VFusion3D: Learning Scalable 3D Generative Models from Video Diffusion Models
This addresses the data scarcity problem for 3D generative modeling, enabling faster and more scalable 3D content creation, though it is incremental as it builds on existing video diffusion models.
The paper tackled the limited availability of 3D data for generative models by using pre-trained video diffusion models to create a large-scale synthetic multi-view dataset, enabling VFusion3D to generate 3D assets from a single image in seconds with users preferring its results over 90% of the time.

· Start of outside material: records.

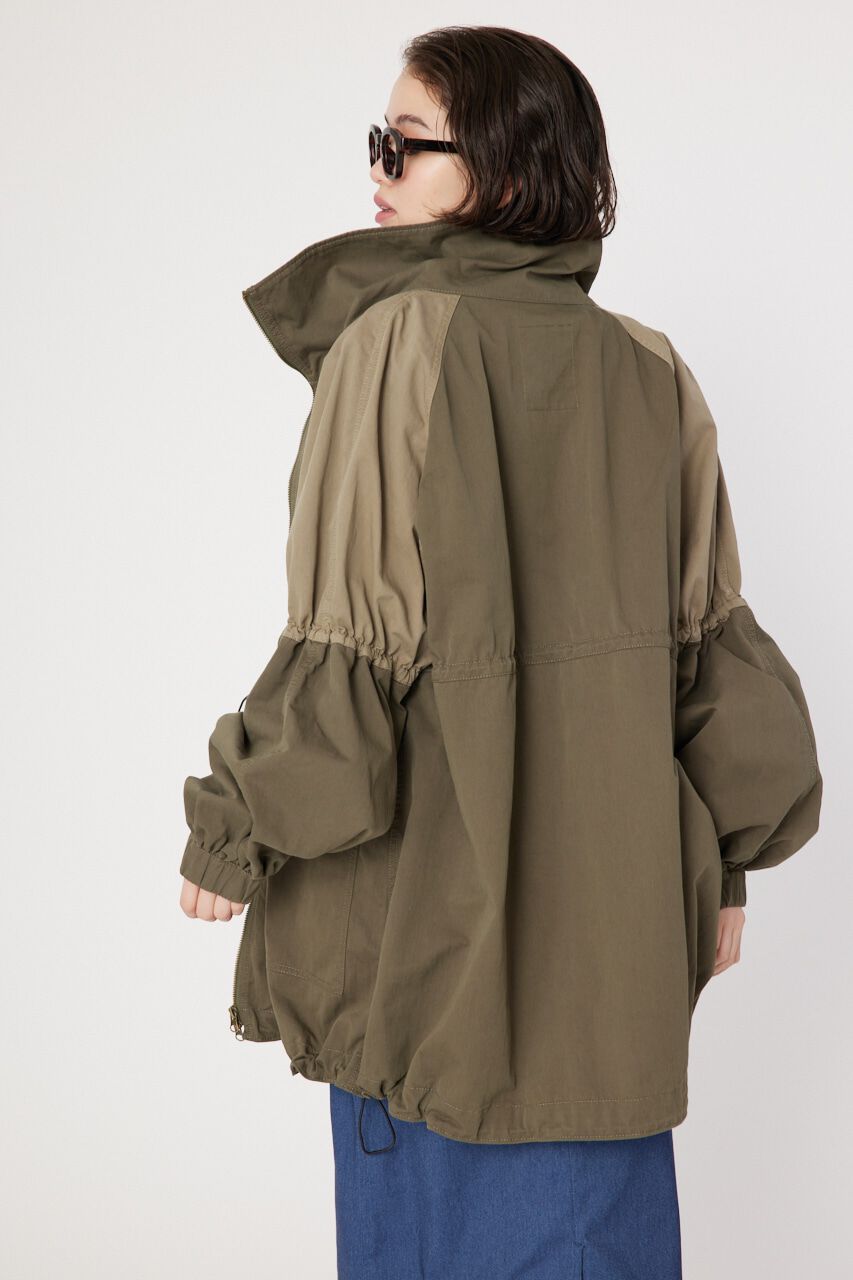 RODEO CROWNS「スタンドネックモッズコート」|ブルゾン・スタジャン|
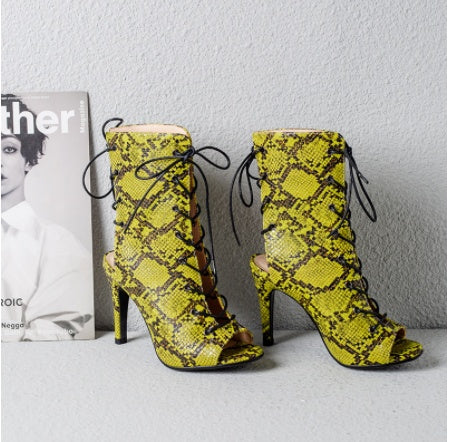 The Cabarita Cut-Out Peep-Toe Summer Boots by WentSchmick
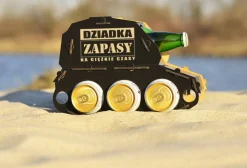 Czołg na Piwo - prezent na Dzień Dziadka bez imienia - Prezent na Dzień Babci i Dziadka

This paper presents a novel method for building scalable 3D generative models utilizing pre-trained video diffusion models. The primary obstacle in developing foundation 3D generative models is the limited availability of 3D data. Unlike images, texts, or videos, 3D data are not readily accessible and are difficult to acquire. This results in a significant disparity in scale compared to the vast quantities of other types of data. To address this issue, we propose using a video diffusion model, trained with extensive volumes of text, images, and videos, as a knowledge source for 3D data. By unlocking its multi-view generative capabilities through fine-tuning, we generate a large-scale synthetic multi-view dataset to train a feed-forward 3D generative model. The proposed model, VFusion3D, trained on nearly 3M synthetic multi-view data, can generate a 3D asset from a single image in seconds and achieves superior performance when compared to current SOTA feed-forward 3D generative models, with users preferring our results over 90% of the time.